Absolutely, yes. Just like that. It’s amazing to say, but the last non-surgical innovation in this arena, came into the market about 23 years ago. And to your question, yes, the authorities are not very much aware of the women’s need and this is why there’s a new movement now actually developing itself trying to push forward the idea of FEM tech developed for women. And we are part of this movement.
What is your product like?
Our devices come within a sealed package like this one, just open the package and takes out the device. This is our devices as you can see very much like a tampon and it is inserted by the woman herself into the vagina whenever she wants. It doesn’t matter where she is she might be on vacation, no doctor is needed. The device remains in the vagina for up to seven days until the time that she wants to take it out and then you just pull the string the device shrinks back and just slides out of the vagina for disposal. There are two main concepts here. One is the shift of control. Firstly, a shift in the control of the medical condition into the hands of the woman. And the second is the freedom to decide. That means a woman may decide when she wants to insert the device when she wants to take it out. This is absolutely up to her.


Dr Elan Ziv, MD, OBGYN, FPMRS, CEO & Medical Director
Dr Ziv graduated from the Sackler School of Medicine at the Tel-Aviv University in Israel and received his MD degree in 1979. He spent 5 years’ service as a doctor in the Israeli Defense Forces and then had residency in Obstetrics and Gynecology (OBGYN) at the Rabin Medical Center (campus Beilinson), which he graduated in 1990. During that time he also had a fellowship in FPMRS (Urogynecology), as a clinical research fellow at St Georges Hospital, in London, UK, under Prof Stuart Stanton (1987-88).

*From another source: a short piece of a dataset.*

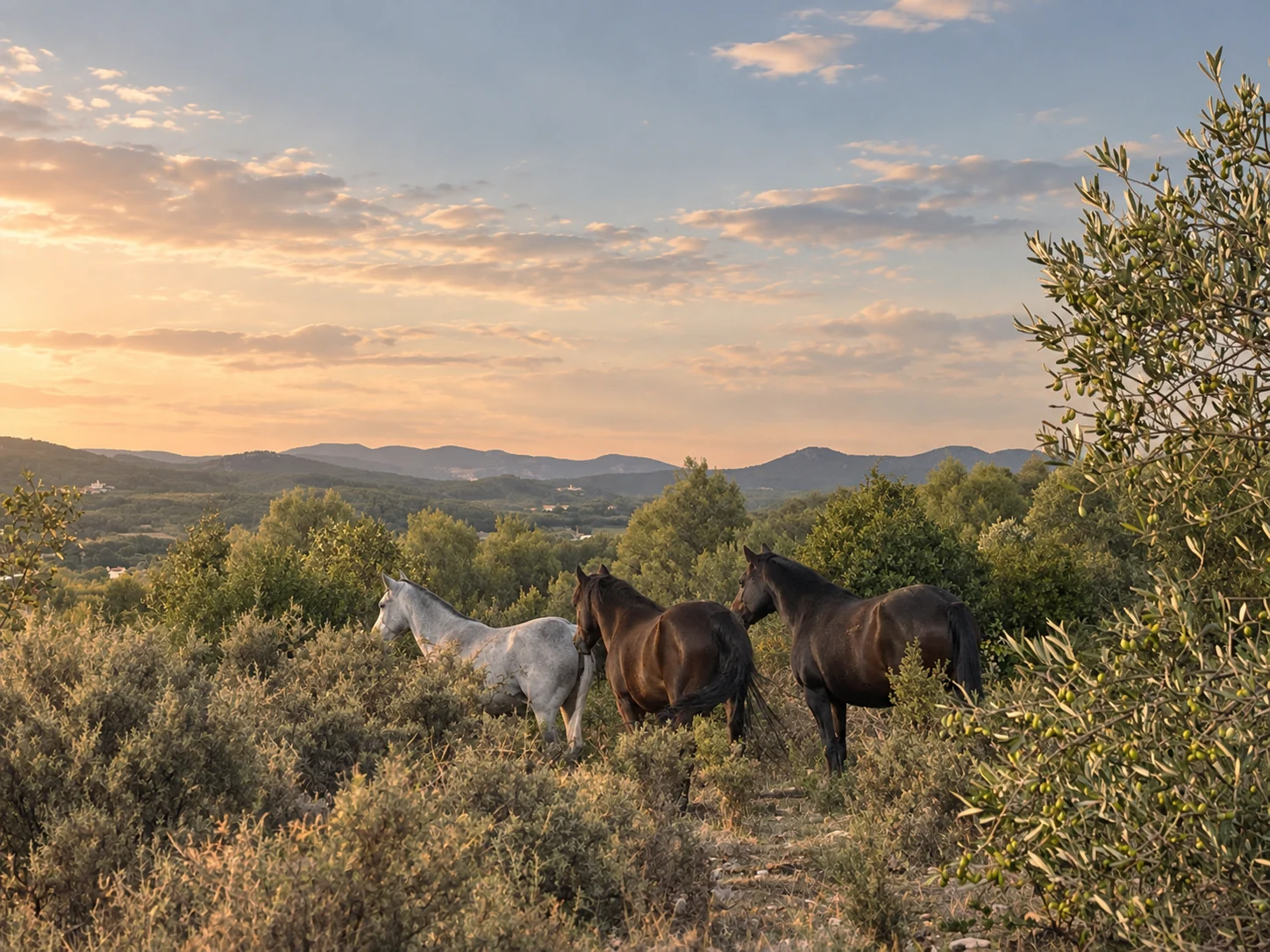 Les chevaux au milieu des oliviers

Until 2014 Dr. Ziv served as the director of the institute of urogynecology at Assuta Medical Centers in Tel Aviv, Israel.
As a urogynecologist, Dr. Ziv has a long-standing interest in the non-invasive treatments of urinary incontinence and of pelvic organ prolapse in women. He is an active participant and presenter in many international professional meetings, participated as a Principal Investigator in many clinical studies, and holds 19 patents with over 100 patent applications.
Following the invention of various vaginal devices, he founded ConTIPI Ltd, in 2002. The first flagship product – the Impressa Device for Stress Urinary Incontinence in women, was sold to Kimberly-Clark Worldwide Inc. and is now on the shelves as an OTC product.
CE Marking – CE marking is a certification mark that indicates conformity with health, safety, and environmental protection standards for products sold within the European Economic Area.